*** Input data ***

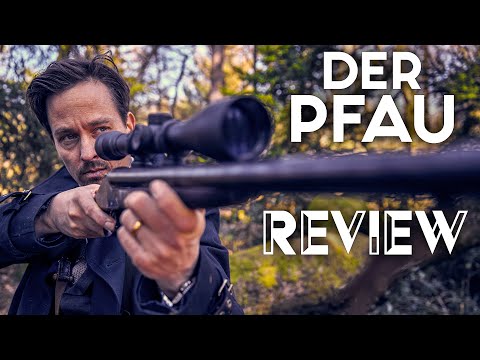 DER PFAU / Kritik - Review | MYD FILM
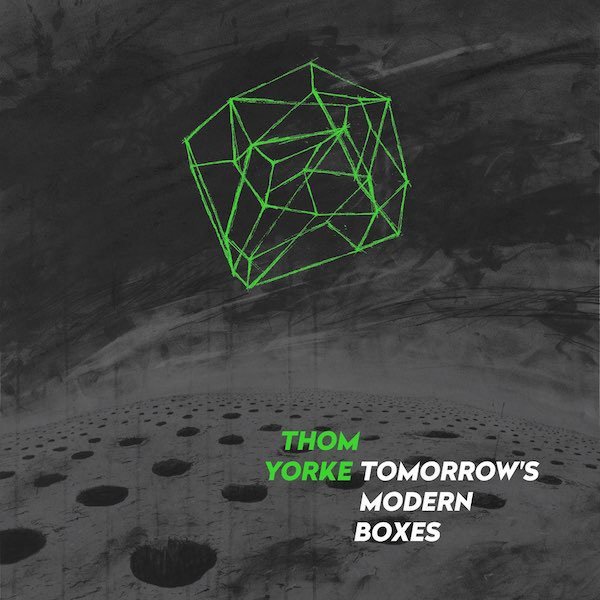 Tomorrows Modern Boxes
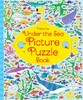Under the sea picture puzzle book [Usborne]
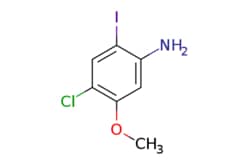 eMolecules​ 4-CHLORO-2-IODO-5-METHOXYANILINE | 1236162-19-8 | MFCD28044138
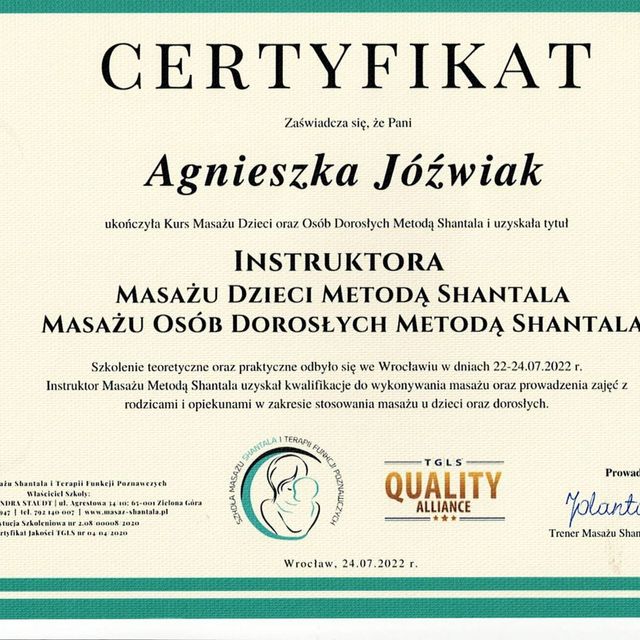 Powiększ obraz: certificate 4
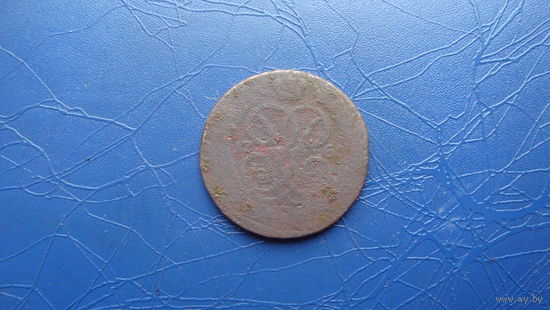 1 копейка 1760                                                                                                        (4164)
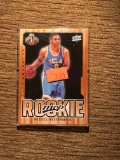 RUSSELL WESTBROOK MVP RC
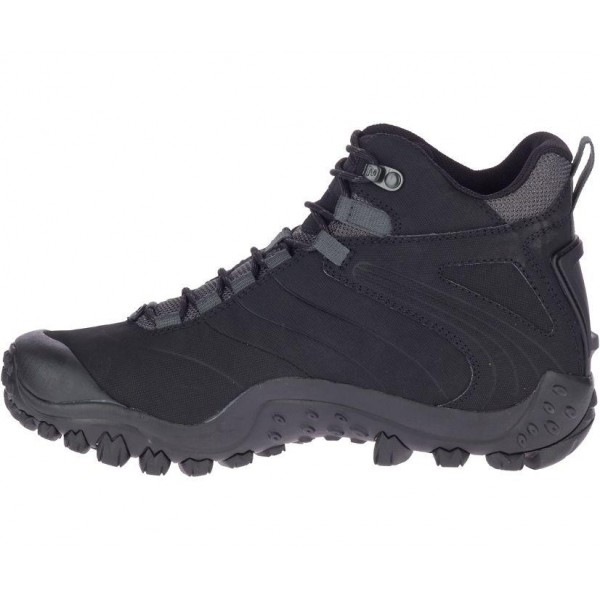 Negru - Black/Rock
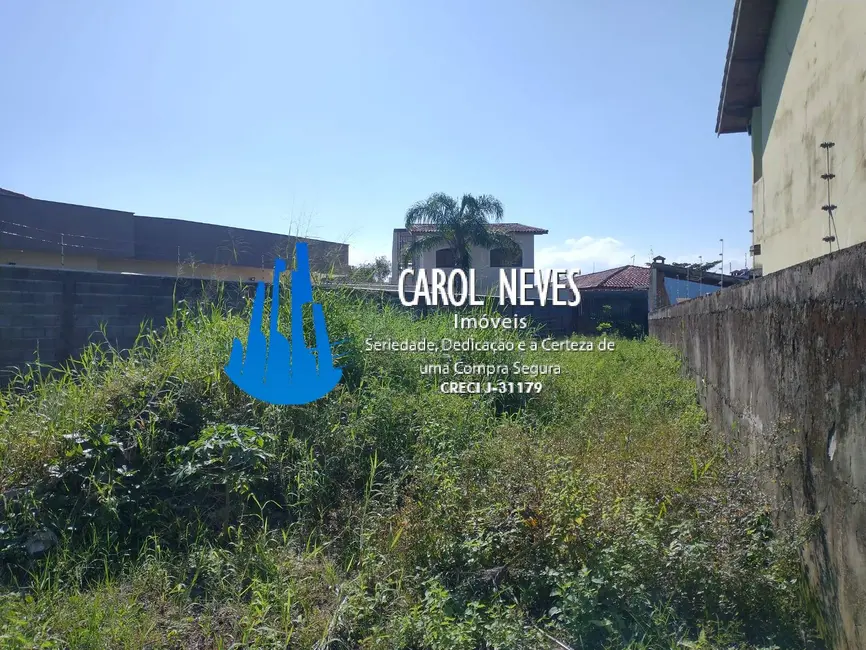 Foto 3 de Terreno / Lote à venda, 426m2 em Itanhaem - SP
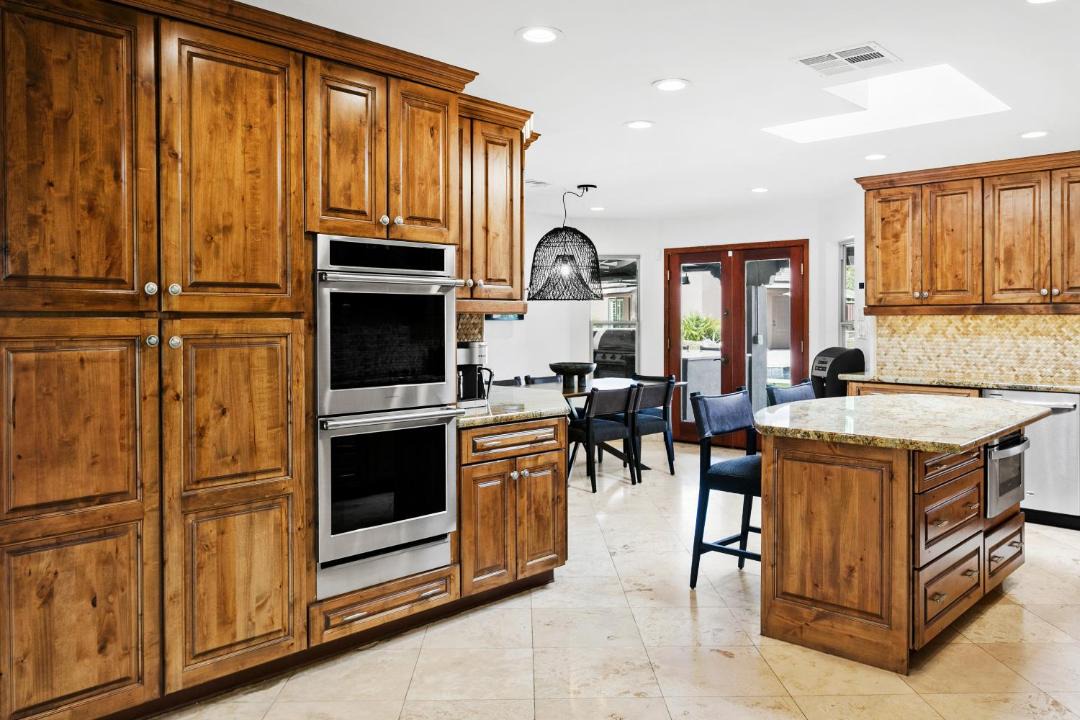 Photo of Kitchen in Buenavante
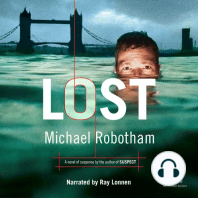 Lost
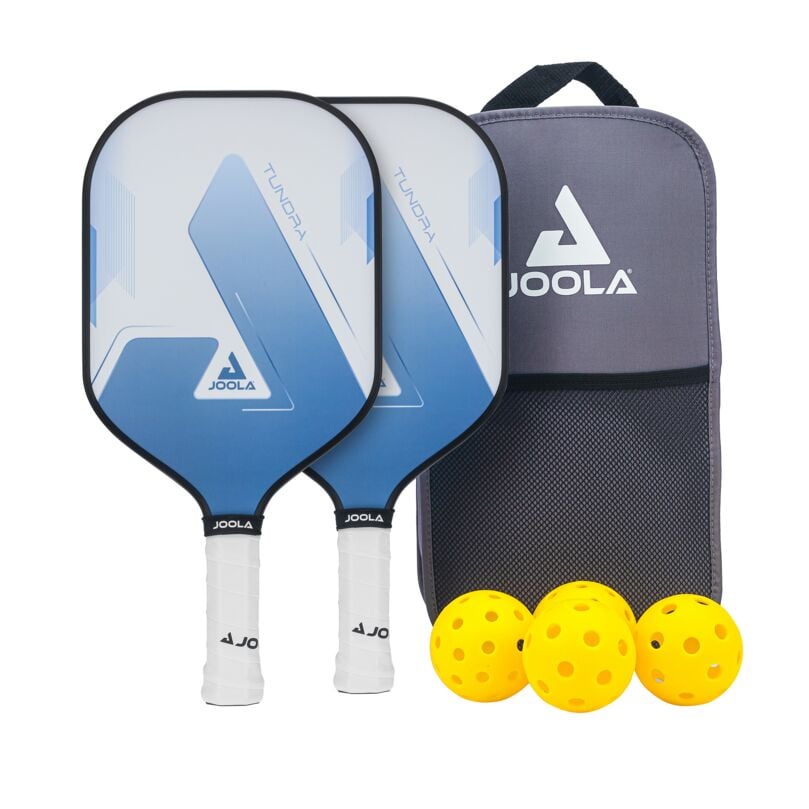 JOOLA Pickleball Set TUNDRA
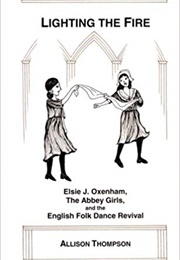 Lighting the Fire (Alison Thompson)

***

* About this task *
With the pictures left out, write out exactly the lines from the line containing "Under the sea picture puzzle book [Usborne]" through the last line of the entries above, both ends included, and no others.

* Exercise answer *
Under the sea picture puzzle book [Usborne]
 eMolecules​ 4-CHLORO-2-IODO-5-METHOXYANILINE | 1236162-19-8 | MFCD28044138
 Powiększ obraz: certificate 4
 1 копейка 1760                                                                                                        (4164)
 RUSSELL WESTBROOK MVP RC
 Negru - Black/Rock
 Foto 3 de Terreno / Lote à venda, 426m2 em Itanhaem - SP
 Photo of Kitchen in Buenavante
 Lost
 JOOLA Pickleball Set TUNDRA
 Lighting the Fire (Alison Thompson)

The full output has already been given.